Linkspam Friday: August 10

I’m trying to get used to a new keyboard/desk arrangement on the advice from the OT at the pain clinic, which is making typing difficult for me. Even the slightest of changes in posture and arrangement throw me off to a ridiculous degree in terms of body memory, pain and not triggering migraines–I will get used to it, probably, but the adjustment period is difficult, more disabling for me than my pain. I’ve now also got to hunt down an affordable sideways mouse to see if that helps me use it more comfortably.
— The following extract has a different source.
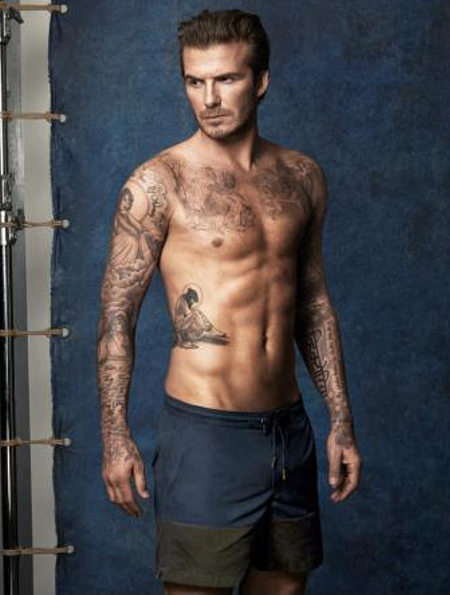David Beckham HM 01 — image courtesy of H&M, photographed by Glen Luchford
On the positive side, I do keep my shoulders and neck in the correct position, and I’ve been using my iPad as well as it is possible to use a tablet in terms of propping it on pillows and my bag. His opinion is more that I shouldn’t be trying to use it with the tucked-in-no-arms-out-everywhere position wielded by everyone else … but it’d be so nice to be able to comfortably use my devices on the train without needing to occupy two seats. I still don’t know how other folks do this. Not being autistic? Souls sold to demons? Who knows, because I don’t.

Apparently I type fast, but I talk, walk and read fast, too, so this should be a surprise to nobody. I’ve never operated at normal human speed.

Post: “Heartfelt”, The Good Doctor and Autistic Character Arc – In which I prove that I am still not over this ableist disaster of an episode by complaining about it and discussing the need to centre our need for representation instead on the works of autistic creatives. I admit that I have a few horses in this race, but I am so tired of seeing The Good Doctor praised for including a character who moves like me when the story is still so focused on seeing Shaun become more allistic. One day I’ll have the spoons to write a long-arse essay on why I am not a fan.

Post: Trans Characters Versus Trans Fiction – In which I rant about the phenomenon of seeing any book with a trans side character (by a cis author) recommended (by cis reviewers) as trans fiction … while trans authors of trans fiction with trans narrating protagonists struggle to get the same recommendations and audience. I have horses in this race as well to say the least, but am I tried of having well-meaning folks recommend me a story as important trans rep only to discover that the character is a side character.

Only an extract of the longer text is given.